При виде его отец Пий подобрал полы своей сутаны и бегом пустился к своей каморке.
— Воскрес! Воскрес! — в ужасе бормотал он.
— Ты обвенчана с ним… с еретиком? — спросила Юзефа.
— Да, матушка, прости нас!
Пани Юзефа поднялась со скамьи и выпрямилась во весь рост.
— Я тебя прокли…
Пан Самуил не дал ей договорить.
— Не смей! — крикнул он так грозно, что у его жены язык прилип к гортани.
— Будьте счастливы, дети! — со слезами промолвил Влашемский, благословляя молодых, и добавил, обратясь к жене: — Юзефа! Благослови!
И опять его голос звучал так, что пани Юзефа не посмела ослушаться.
Вечером того же дня по дому разнеслась весть, что отец Пий найден мертвым в своей келье: он не вынес потрясения.
XXXIII
БУРНЫЙ РАЗГОВОР
Был вечер 16 мая 1606 года. Шел уже одиннадцатый месяц, как «расстрига» стал царем. Многое изменилось за истекшее время, доказательством чего может служить следующий разговор между Лжецарем и боярином Белым-Турениным.
— Царь, мне нужно с тобою поговорить.
— Ну? — недовольно протянул самозванец и с раздражением добавил. — Верно, опять наставления?
— Нет, не наставления — я только хочу тебе сказать одно: опомнись!
— Ты далеко заходишь! — гневно вскричал Лжедимитрий. — Не забудь, кто я, и кто ты.
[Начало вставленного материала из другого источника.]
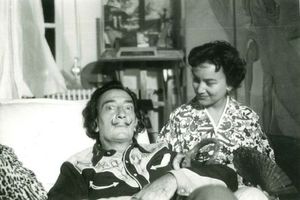 『世界の旅』ではさまざまな著名人にも取材を行った。1959年9月、画家サルバドール・ダリのスペイン・カダケスの自宅を訪問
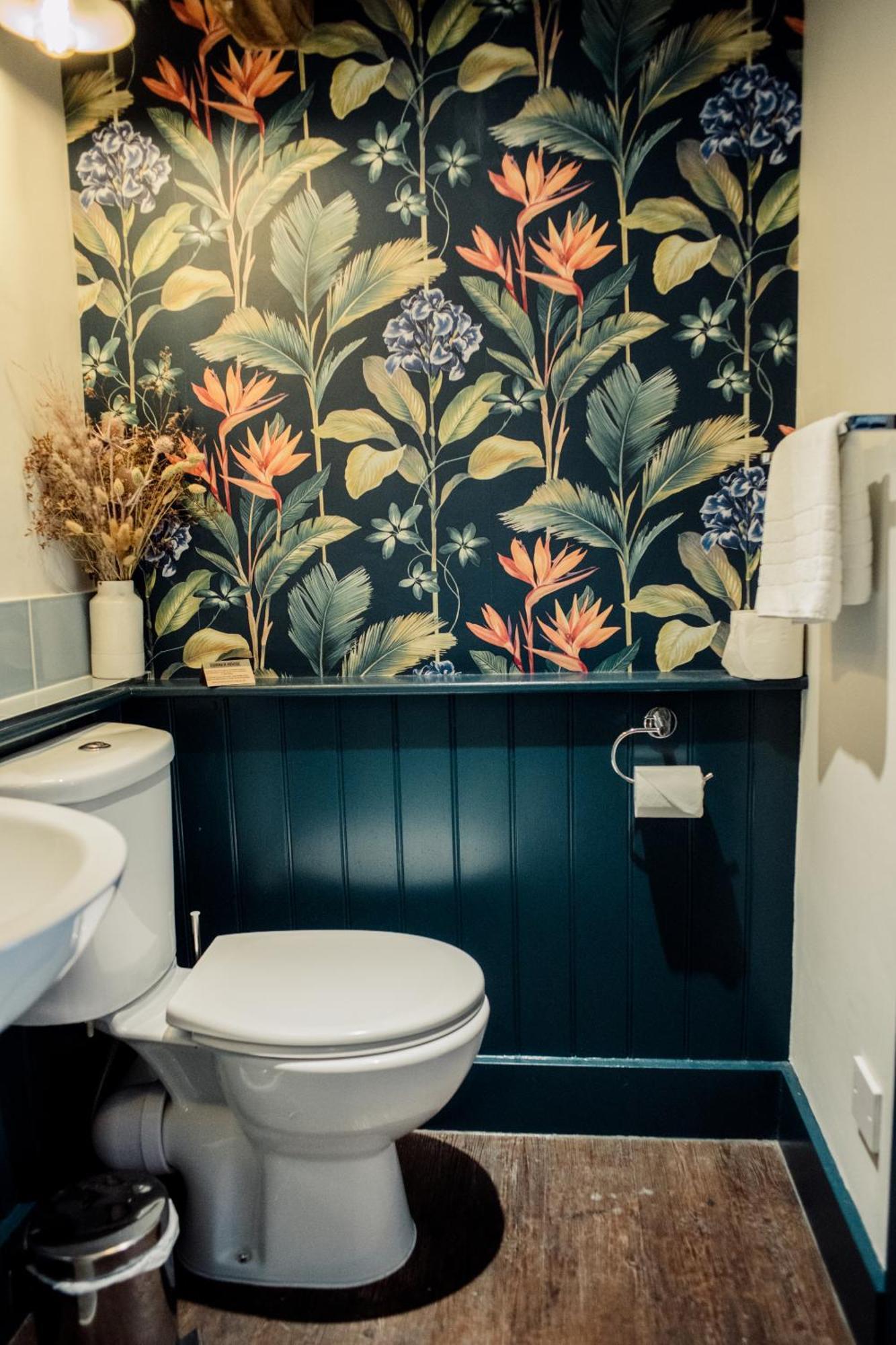 The Corner House Couette-café 4*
— Ты сам мне велел всегда тебе говорить правду, я ее и говорю. Я не забыл, кто я, но ты забыл, что ты русский царь, а не прежний инок, вольный казак, слуга Вишневецкого.
— Павел!
Но боярин не обратил внимания на этот окрик.
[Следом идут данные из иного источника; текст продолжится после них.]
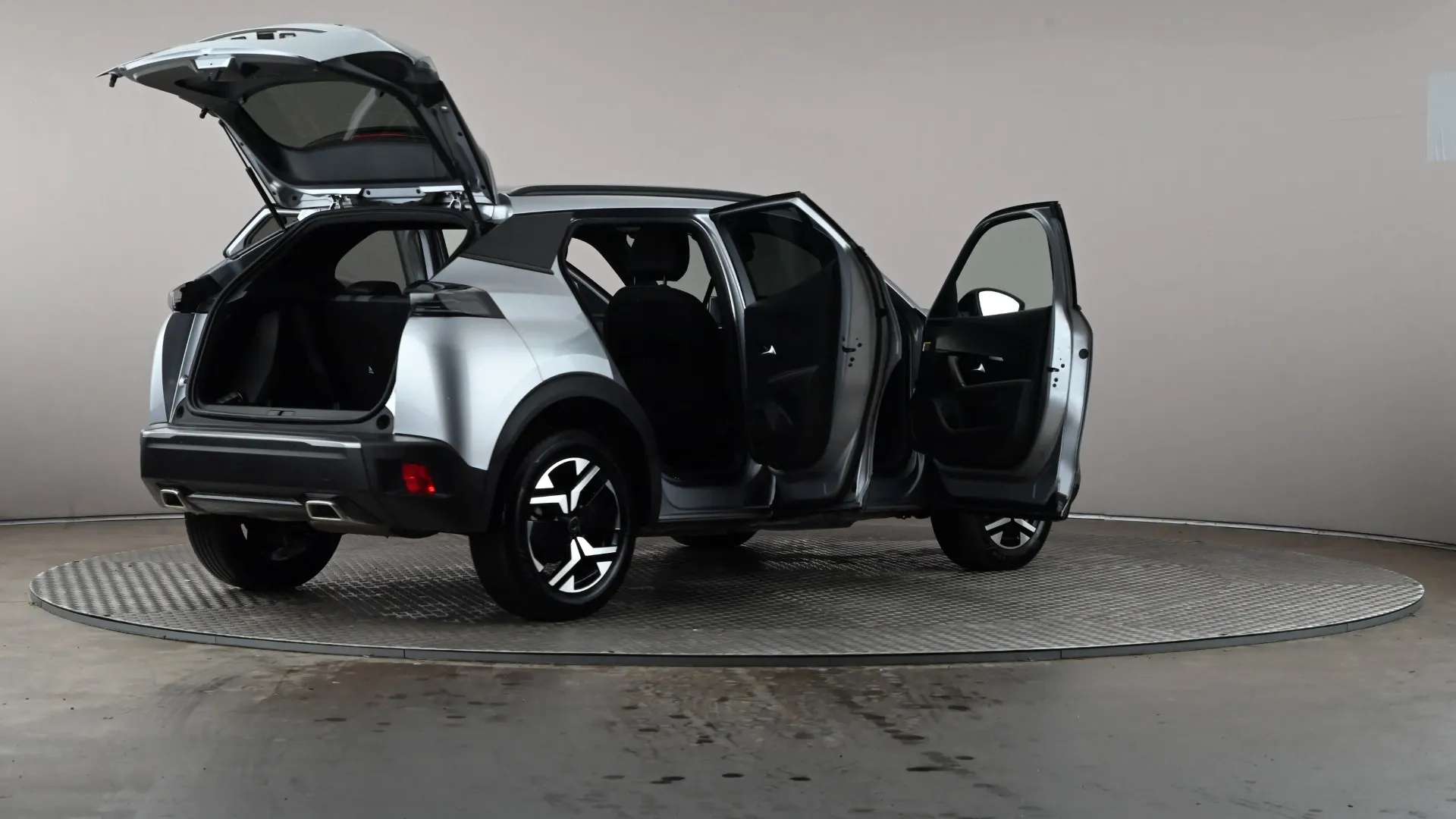 2024 PEUGEOT 2008 2024 PEUGEOT 2008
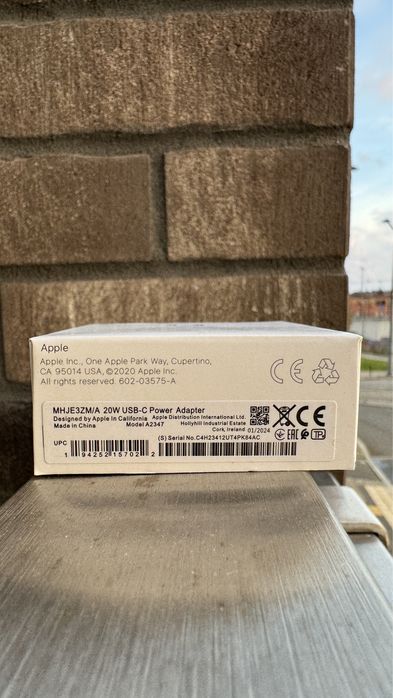 Zestaw Ladowarka 20 W + Kabel Ligthning Usb -C 2 M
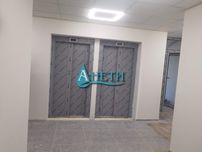 Тристаен апартамент 122м2 с Акт 16 до Аерогара София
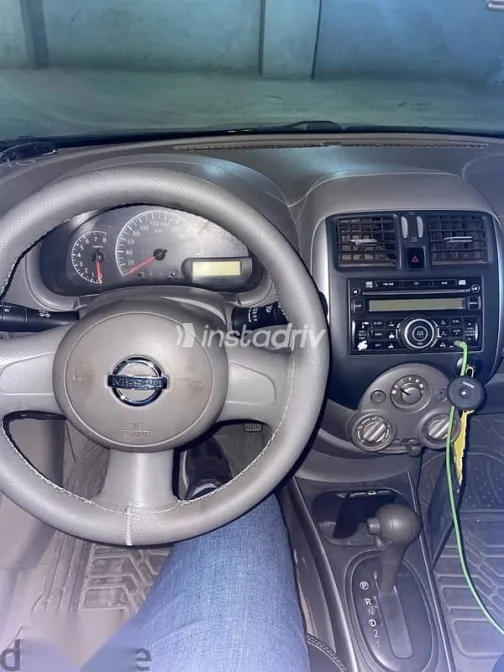 نيسان صنى 2015 فضي مستعملة للبيع - 4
— Ты забыл, что если русский царь всевластен, то ведь, в глазах народа, недаром дана такая власть, и царский стол — не место для забав и потех скоморошьих!
— Боярин! — крикнул в гневе самозванец.
— Ты говорил, что хочешь блага русскому народу… Что же ты сделал? Завел школы, как сказывал? Возвысил Москву над Польшей? Ты отвратил от себя сердца москвитян — вот что ты сделал! Ты одеваешься ляхом, ешь телятину, не моешься в бане, не спишь после обеда, а слоняешься в эти часы один-одинешенек по городу, и тебя ищут бояре: царь пропал! Ха-ха! Ты глумишься над боярами, осыпаешь милостями горсть поляков, они бесчинствуют, своеволят — ты им все прощаешь. Ты женился на польке… Мало этого, венчался с нею в пяток и накануне праздника! Зачем это, зачем? Не мог подождать одного дня? Опомнись!
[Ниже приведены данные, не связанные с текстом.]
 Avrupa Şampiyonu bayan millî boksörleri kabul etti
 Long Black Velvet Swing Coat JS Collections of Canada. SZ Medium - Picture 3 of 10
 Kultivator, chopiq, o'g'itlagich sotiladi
Самозванец слушал, весь трепеща.
— На плаху! Вон! Грубиян! Холоп! — проговорил он, тяжело дыша.
— Что ж, царю можно послать на плаху того, кто некогда спас простого Григория! — спокойно промолвил боярин.
Лжецарь схватился за голову и прошелся по комнате.
— Прости, Павел… Я сам не помню себя… — проговорил он тихо. — Ты прав, да, я во многом виноват… Да, да! Но что делать, если я не могу выносить глупых московских суеверий, если при виде постно-благочестивой боярской рожи у меня вся кровь закипает? Да, я нарочно делаю все наперекор обычаям — надо же мне их чем-нибудь донять, заставить отучиться от всех этих глупостей…
— Нельзя так… Где нужно легонько пилить, там нельзя рубить с плеча.
— Иначе я не умею. И потом… знаешь, я все это время живу словно в чаду!
— Я вижу это. Эх! Не надо было в цари лезть!
Глаза Лжецаря снова вспыхнули.
— Павел, ты опять начинаешь!..
— Да говорить — так все. Ты на престоле остался прежним полуказаком, полуслугой. Ты то надменен, то унижаешься до Бог знает чего. В иную пору ты заносишься перед королем Сигизмундом, в иную — являешь себя чуть не холопом его.